Albert Fall outside Sierra County Courthouse


Defense attorney, Albert Bacon Fall, looks smugly to the right. Oliver Lee stands immediately behind him, and Jim Gilliland with hand on lapel, looks to the camera.

This image was taken at the east door of the Sierra County Courthouse in 1899. Lee and Gilliland were tried and acquitted for the murder of 8-year-old Henry Fountain of Mesilla, NM. His father, Judge Albert Jennings Fountain, was also murdered. Judge Fountain was Fall's chief political rival. The bodies of the boy and dad were never located.

Fall went on to serve as a U.S. Senator, and Secretary of the Interior under President Harding. Fall became embroiled in the Teapot Dome scandal with another former Sierra County resident, Ed Doheny. Fall was convicted of accepting bribes and went to prison. He died poor in 1944 in El Paso.

Lee and Gilliland were never tried for another crime, the killing a deputy of sheriff Pat Garrett's while trying to avoid arrest for the Fountain murders. The two men ranched in the Tularosa basin, Lee serving in the state legislature. Oliver Lee State Park encompasses part of his old ranch. Photo courtesy Patti Nunn.

May 24, 2010

Courthouse de-construction


A worker on the roof is tearing down the Sierra County Courthouse, after voters chose to move the county seat to Hot Springs (now Truth or Consequences) New Mexico. But it didn't happen without resistance.

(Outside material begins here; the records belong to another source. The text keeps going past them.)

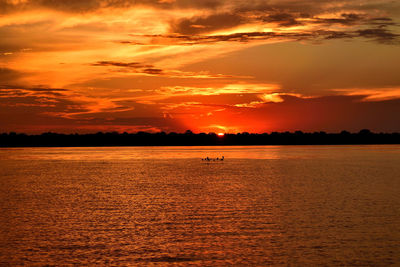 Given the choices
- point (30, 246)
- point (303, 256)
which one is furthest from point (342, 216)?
point (30, 246)

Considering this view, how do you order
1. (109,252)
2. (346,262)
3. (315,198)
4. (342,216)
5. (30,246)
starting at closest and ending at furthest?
1. (346,262)
2. (109,252)
3. (30,246)
4. (342,216)
5. (315,198)

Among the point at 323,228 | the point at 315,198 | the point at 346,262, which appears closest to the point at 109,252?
the point at 346,262

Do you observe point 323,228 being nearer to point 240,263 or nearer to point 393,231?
point 393,231

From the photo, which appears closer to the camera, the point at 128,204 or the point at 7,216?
the point at 7,216

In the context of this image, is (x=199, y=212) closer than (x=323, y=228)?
No

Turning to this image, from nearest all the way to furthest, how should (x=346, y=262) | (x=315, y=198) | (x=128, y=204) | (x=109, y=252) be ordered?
(x=346, y=262), (x=109, y=252), (x=128, y=204), (x=315, y=198)

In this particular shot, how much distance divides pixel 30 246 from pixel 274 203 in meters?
27.7

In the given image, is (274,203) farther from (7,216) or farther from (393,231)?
(7,216)

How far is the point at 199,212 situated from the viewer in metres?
44.7

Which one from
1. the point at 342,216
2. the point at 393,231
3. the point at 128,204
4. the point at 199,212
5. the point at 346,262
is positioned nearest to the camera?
the point at 346,262

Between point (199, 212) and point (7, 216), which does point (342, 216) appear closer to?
point (199, 212)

Gov. George Curry thwarted a previous attempt to move the seat from Hillsboro to Cutter, so that a few folks could sell land, as he put it, in his autobiography.

Photo UNM Center for Southwest Research, William Kelehler Collection

May 23, 2010

Historic Sierra County Courthouse



This stately building was the site of the infamous Henry Fountain murder trial, 1899, involving prominent citizens of New Mexico, some of whom would later rise to national prominence.

The Hillsboro Historical Society seeks to buy the courthouse ruin to stabilize the effects of gravity, and potentially restore what's left.